2020 Fiscal Year Research-status Report
理科教師の授業力量の高度化に関する研究ー省察的実践力の形成を支援する事例開発ー
Project/Area Number |
16K01019
|
Research Institution | Hiroshima University |
Principal Investigator |
山崎 敬人 広島大学, 人間社会科学研究科(教), 教授 (40284145)
|
Project Period (FY) |
2016-04-01 – 2022-03-31
|
Keywords | 教師教育 / 省察的実践 / 理科教師 / 授業力量 / 省察 |
Outline of Annual Research Achievements |
本研究は,教師の授業力量の中核をなす省察的実践力の形成に焦点をあて,多様な成長段階にある理科教師を対象として省察的実践とその実践力の実態・特徴を解明するとともに,理科の授業実践の事実や文脈,実践知などが埋めこまれた省察的実践の「事例」として再構成し,教師の省察的実践力の向上を目指す学びにおける「事例」活用の有効性について検討することを目的としている。 第5年次(研究期間が1年間延長)にあたる令和2年度は,新型コロナウィルス感染症予防への対応のため,学校現場での調査は実施できなかった。
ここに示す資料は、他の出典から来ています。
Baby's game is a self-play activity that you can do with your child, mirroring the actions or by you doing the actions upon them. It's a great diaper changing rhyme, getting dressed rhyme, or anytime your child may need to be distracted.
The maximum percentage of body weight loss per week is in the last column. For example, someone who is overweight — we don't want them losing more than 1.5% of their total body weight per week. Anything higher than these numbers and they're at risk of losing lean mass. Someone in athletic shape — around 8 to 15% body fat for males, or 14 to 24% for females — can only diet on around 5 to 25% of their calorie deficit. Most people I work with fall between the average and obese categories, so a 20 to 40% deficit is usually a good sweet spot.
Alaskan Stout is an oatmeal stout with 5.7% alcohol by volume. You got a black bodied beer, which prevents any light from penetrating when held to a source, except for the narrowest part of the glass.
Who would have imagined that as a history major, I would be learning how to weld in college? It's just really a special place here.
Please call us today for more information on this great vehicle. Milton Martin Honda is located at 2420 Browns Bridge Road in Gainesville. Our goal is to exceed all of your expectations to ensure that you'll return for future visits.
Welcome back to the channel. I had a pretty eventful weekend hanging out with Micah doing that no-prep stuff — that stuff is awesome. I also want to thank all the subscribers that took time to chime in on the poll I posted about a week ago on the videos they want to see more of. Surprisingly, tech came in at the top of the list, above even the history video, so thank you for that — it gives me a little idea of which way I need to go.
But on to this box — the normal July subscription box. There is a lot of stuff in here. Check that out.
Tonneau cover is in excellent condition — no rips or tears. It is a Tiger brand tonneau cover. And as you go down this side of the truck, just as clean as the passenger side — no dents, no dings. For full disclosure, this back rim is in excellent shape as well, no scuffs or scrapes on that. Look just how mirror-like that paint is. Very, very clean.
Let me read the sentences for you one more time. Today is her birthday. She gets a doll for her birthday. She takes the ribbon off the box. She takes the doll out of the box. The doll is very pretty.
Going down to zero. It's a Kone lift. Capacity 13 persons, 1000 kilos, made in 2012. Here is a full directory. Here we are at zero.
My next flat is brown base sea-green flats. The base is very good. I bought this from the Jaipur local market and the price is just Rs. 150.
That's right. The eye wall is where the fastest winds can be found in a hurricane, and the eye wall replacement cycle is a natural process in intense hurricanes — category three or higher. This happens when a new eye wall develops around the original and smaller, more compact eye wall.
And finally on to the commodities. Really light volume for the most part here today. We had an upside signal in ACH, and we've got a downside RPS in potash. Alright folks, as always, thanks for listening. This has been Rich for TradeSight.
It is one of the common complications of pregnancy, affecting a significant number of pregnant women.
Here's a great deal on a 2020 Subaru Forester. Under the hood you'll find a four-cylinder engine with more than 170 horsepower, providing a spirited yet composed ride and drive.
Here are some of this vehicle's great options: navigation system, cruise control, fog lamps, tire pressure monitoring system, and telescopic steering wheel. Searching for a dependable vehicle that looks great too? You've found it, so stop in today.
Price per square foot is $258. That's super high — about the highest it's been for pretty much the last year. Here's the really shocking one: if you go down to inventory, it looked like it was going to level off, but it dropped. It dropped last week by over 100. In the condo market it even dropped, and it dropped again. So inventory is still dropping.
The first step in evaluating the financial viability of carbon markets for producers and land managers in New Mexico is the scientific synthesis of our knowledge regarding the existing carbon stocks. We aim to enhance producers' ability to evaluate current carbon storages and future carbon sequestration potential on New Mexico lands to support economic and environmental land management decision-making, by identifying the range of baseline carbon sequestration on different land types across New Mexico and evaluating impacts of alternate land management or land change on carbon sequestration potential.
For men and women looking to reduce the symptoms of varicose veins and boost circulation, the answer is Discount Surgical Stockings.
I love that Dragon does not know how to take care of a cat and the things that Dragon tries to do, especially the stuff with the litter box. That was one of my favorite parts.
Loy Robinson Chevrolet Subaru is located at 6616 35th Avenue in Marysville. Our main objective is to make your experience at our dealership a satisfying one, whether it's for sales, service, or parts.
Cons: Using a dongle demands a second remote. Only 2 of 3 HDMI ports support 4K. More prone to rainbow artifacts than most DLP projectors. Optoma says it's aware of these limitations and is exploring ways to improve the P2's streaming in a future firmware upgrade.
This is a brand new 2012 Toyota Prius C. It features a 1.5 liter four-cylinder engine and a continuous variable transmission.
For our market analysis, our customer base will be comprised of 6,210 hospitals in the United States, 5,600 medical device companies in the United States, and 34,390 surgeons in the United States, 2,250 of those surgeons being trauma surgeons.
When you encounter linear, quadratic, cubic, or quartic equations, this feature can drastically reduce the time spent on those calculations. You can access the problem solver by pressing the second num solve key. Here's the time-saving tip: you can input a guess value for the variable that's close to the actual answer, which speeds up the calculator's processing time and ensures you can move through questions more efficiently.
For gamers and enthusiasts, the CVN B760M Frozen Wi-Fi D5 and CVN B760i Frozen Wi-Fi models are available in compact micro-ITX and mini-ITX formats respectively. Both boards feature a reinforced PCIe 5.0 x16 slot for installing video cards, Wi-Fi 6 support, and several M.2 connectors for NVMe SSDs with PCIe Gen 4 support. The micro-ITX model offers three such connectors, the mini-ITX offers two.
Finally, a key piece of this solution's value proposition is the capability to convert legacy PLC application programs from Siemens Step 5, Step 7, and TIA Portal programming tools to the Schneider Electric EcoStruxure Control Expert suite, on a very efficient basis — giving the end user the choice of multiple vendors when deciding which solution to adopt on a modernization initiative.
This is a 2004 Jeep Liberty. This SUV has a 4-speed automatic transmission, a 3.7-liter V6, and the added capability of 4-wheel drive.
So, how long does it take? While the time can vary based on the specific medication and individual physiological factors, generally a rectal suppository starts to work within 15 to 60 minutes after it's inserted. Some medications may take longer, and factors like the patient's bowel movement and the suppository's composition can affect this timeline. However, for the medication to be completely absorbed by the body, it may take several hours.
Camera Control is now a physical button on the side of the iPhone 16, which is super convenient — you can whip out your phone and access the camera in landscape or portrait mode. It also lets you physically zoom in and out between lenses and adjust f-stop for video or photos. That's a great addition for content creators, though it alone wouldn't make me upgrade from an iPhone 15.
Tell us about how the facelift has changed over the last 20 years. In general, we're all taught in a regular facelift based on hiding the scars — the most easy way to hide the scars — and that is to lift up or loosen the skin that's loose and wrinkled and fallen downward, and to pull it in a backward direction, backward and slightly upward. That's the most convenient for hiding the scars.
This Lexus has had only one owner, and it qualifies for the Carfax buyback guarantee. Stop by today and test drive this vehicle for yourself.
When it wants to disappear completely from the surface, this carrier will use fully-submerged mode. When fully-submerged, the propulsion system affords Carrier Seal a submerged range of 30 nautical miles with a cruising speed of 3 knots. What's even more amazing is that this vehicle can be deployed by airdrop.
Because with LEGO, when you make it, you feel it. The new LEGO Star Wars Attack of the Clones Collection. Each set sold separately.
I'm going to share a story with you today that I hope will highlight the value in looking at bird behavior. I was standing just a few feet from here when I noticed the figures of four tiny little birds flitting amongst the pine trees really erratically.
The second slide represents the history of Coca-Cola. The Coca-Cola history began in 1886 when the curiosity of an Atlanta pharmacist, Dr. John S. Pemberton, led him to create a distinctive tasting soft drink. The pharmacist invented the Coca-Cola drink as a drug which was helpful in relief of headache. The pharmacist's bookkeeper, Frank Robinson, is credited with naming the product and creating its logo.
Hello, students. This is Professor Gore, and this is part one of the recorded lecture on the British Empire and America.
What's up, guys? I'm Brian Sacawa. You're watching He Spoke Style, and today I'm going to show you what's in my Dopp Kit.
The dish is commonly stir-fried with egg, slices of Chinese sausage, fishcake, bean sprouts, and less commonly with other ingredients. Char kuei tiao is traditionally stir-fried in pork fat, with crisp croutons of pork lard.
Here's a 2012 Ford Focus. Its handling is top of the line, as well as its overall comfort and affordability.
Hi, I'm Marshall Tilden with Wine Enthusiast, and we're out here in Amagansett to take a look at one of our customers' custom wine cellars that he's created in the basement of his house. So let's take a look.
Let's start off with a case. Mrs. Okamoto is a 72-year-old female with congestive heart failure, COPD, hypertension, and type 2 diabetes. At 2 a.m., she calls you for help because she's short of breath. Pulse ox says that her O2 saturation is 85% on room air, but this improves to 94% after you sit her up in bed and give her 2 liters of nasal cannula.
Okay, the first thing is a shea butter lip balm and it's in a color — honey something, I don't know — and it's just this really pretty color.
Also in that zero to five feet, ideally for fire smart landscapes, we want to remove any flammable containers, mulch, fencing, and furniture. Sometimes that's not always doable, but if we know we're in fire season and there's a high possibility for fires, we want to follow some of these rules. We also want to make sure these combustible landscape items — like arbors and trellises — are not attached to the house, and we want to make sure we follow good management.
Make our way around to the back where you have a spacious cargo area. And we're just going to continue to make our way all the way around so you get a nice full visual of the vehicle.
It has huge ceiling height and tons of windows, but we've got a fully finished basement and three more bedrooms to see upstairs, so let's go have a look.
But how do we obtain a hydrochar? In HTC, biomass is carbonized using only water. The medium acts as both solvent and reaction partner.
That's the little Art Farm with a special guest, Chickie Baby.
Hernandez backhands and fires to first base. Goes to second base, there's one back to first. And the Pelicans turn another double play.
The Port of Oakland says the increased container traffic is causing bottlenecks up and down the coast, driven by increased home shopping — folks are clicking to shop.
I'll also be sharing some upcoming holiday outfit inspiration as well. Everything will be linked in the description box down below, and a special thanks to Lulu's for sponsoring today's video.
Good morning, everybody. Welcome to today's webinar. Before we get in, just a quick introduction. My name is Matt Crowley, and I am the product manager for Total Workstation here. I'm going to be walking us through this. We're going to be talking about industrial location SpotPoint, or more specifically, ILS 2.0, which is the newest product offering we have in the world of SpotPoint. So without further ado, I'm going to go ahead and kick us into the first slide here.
そのため,教職経験年数が異なる4名の小学校教師を対象として前年度までに実施した授業観察やインタビュー調査により収集された調査資料をもとに,省察的実践とその実践力の実態や特徴,授業観との関連に関する分析・考察を行った。 その結果,例えばある教職5年目の教師は,それまでの教職経験を踏まえて「学力的にしんどい」子どもの思考の視点から実験方法の適切な順序性の吟味を試みていたことや,別の教職7年目の教師は,時間のマネジメントを重視し,子どもの認知の実態に応じた柔軟な対応よりも,むしろ予め計画した授業の目標と構想にできるだけ即した指導を展開していくことを重視していたこと,さらに別の教職14年目の教師は,時間のマネジメントや誤概念が学習される懸念への対応に留意しながらも,子どもの思考の流れや学習状況に応じて当初の授業構想を部分的に変更するなど,授業を柔軟に再構成していたことなどが指摘された。 このような事例的検討を総合した結果,教師の省察的実践の特徴は,教職経験年数との関連だけで捉えるよりは,むしろ,それぞれの教師が多様な状況や文脈に当面しながら思考・実践・省察を繰り返すなかで学んできた指導方法や授業実践のあり方に関する原則や授業観が反映されたものとして検討していく必要があると考えられた。
|
Current Status of Research Progress |
Current Status of Research Progress
4: Progress in research has been delayed.
Reason
研究者が所属機関の附属校で併任していた業務の多忙さと新型コロナ感染症拡大予防への対応のため,本研究を年度当初の計画どおりに実施するための時間や機会を十分に確保できなかった。
|
Strategy for Future Research Activity |
2021年度まで研究期間を再延長することが承認されたので,最終年度において理科教師の授業力量の高度化を図るための省察的実践の事例化と,省察的実践力の向上に向けた教師の学びにおける事例活用の可能性について考察し,最終的な研究成果を総括する。
|
Causes of Carryover |
(次年度使用額が生じた理由)研究者が所属機関の附属校で併任していた業務の多忙さと新型コロナ感染症拡大予防への対応のため,本研究の推進に係わる調査・分析などの時間と機会が十分に確保できなかったことで,調査・分析にかかわる諸経費を計画通りに執行できなかった。 (使用計画)研究期間の1年間の再延長が承認されたので,この最終年度において,教師用の学習材として活用していくための省察的実践の事例化の作業や調査・分析等に係わる経費,及び研究成果の総括に関わる経費として適切に執行する。